3. Industry Spotlight | Cutting-Edge Innovations in Cyber Defense

Discover groundbreaking advancements and innovative technologies in the world of cyber defense. From artificial intelligence and machine learning to blockchain and quantum computing, we explore how these game-changing technologies are revolutionizing the fight against cyber threats. Get inspired by success stories and learn how to implement these solutions in your own digital ecosystem.

Blockchain-based Identity Verification

In traditional identity verification systems, personal information is stored in centralized databases that are prone to security breaches and unauthorized access. Blockchain, on the other hand, ensures the privacy and security of user information through cryptography and distributed consensus. With blockchain-based identity verification, decentralized identity verification system are being used to securely authenticate and validate user identities, reducing the risk of identity theft and unauthorized access. Read more about how blockchain can stream line manufacturing processes here.

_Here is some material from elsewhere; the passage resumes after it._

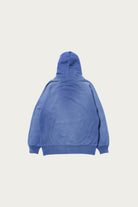 The Real McCoys - 9oz. Loopwheel Raglan Hooded Sweatshirt - Faded Navy - Canoe Club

4. Expert Interviews | Insights from Cybersecurity Gurus

Gain exclusive access to interviews with industry experts, thought leaders, and cybersecurity gurus. Uncover their strategies, predictions, and best practices to protect yourself, your organization, and your loved ones from the ever-evolving cyber landscape. Stay updated on emerging trends, emerging threats, and expert tips to stay cyber resilient.

Read this interview with Miri Ofir and Gili Yankovitch and learn why IoT assets are a very attractive targets, the threat landscape and how you can mitigate risks. Understand why firmware needs to be assessed to and why embedded security is "key" for maintaining a very strong security posture throughout the complete IoT device fleet!

5. Cybersecurity Awareness Corner | Empowering You with Knowledge

Knowledge is power! Our cybersecurity awareness corner equips you with practical tips, best practices, and actionable advice to enhance your online safety. Learn how to spot phishing attempts, secure your passwords, protect your personal information, and stay safe in the digital world. Be the cybersecurity champion your friends envy!

Want to know your national cyber security strategies? Check out Enisa’s interactive map and get familiar!

We hope you find this edition of The IoT Insider both informative and engaging. Stay tuned for more exciting updates in the next edition, where we'll dive deeper into the world of cybersecurity. Remember, vigilance and knowledge are key to staying safe in our interconnected world.

Stay secure, stay informed, and stay one step ahead!